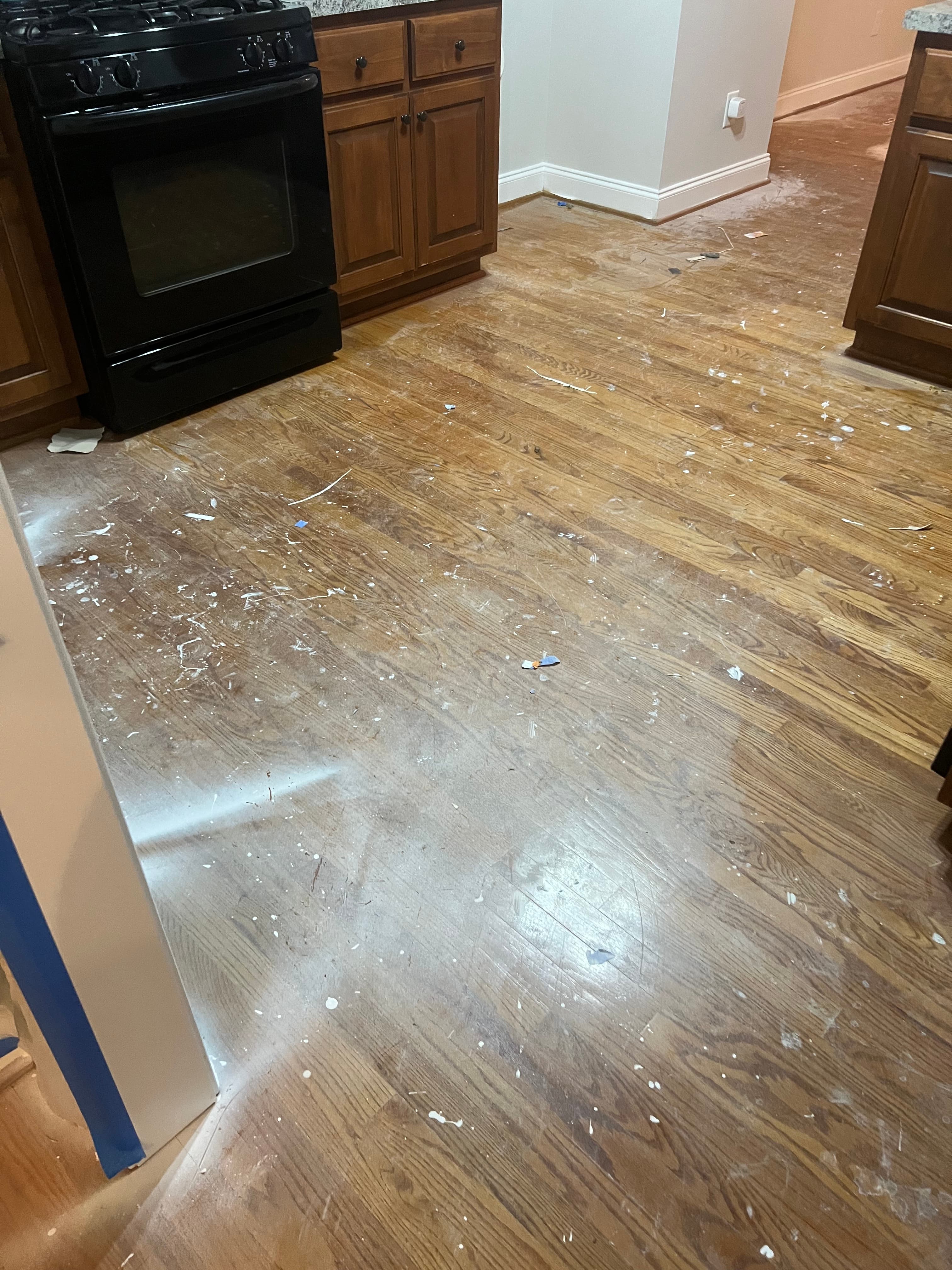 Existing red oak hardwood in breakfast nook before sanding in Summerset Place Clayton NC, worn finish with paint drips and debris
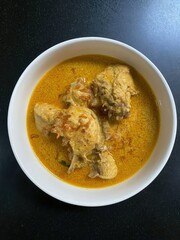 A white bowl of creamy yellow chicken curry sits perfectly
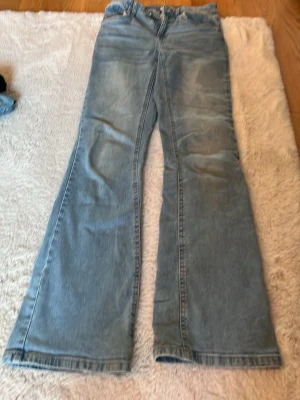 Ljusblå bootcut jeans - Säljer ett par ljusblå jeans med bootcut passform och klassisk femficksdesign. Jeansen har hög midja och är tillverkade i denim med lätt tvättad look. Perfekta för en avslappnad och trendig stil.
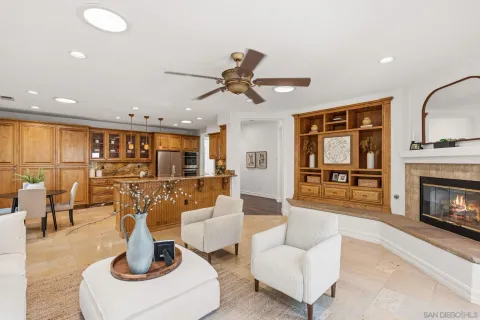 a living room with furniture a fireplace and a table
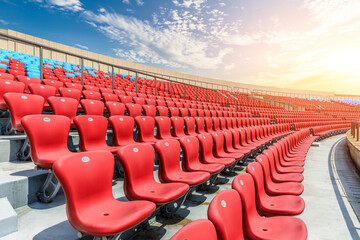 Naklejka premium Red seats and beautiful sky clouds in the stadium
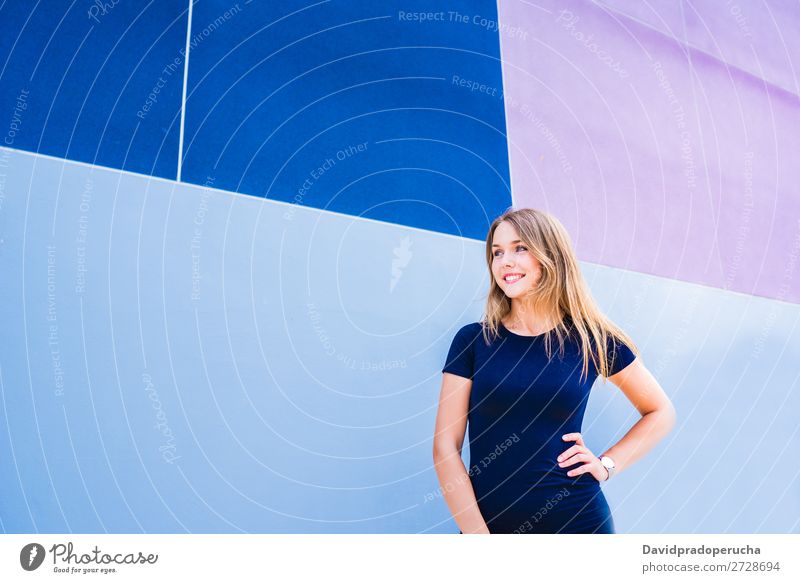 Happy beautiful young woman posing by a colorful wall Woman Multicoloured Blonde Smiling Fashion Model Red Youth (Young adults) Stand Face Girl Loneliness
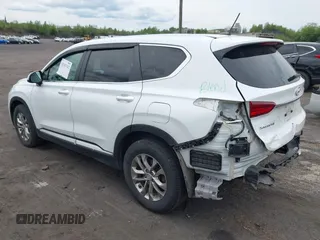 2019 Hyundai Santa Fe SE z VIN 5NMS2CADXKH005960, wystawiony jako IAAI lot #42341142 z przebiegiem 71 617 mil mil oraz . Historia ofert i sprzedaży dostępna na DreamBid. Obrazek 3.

· · ·

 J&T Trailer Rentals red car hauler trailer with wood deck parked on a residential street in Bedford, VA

· · ·

Problem to work on:
Reproduce the listing above exactly from the line containing "Existing red oak" up to and including the line containing "2019 Hyundai Santa", omitting any images and everything outside those lines.

Worked solution:
 Existing red oak hardwood in breakfast nook before sanding in Summerset Place Clayton NC, worn finish with paint drips and debris
 A white bowl of creamy yellow chicken curry sits perfectly
 Ljusblå bootcut jeans - Säljer ett par ljusblå jeans med bootcut passform och klassisk femficksdesign. Jeansen har hög midja och är tillverkade i denim med lätt tvättad look. Perfekta för en avslappnad och trendig stil.
 a living room with furniture a fireplace and a table
 Naklejka premium Red seats and beautiful sky clouds in the stadium
 Happy beautiful young woman posing by a colorful wall Woman Multicoloured Blonde Smiling Fashion Model Red Youth (Young adults) Stand Face Girl Loneliness
 2019 Hyundai Santa Fe SE z VIN 5NMS2CADXKH005960, wystawiony jako IAAI lot #42341142 z przebiegiem 71 617 mil mil oraz . Historia ofert i sprzedaży dostępna na DreamBid. Obrazek 3.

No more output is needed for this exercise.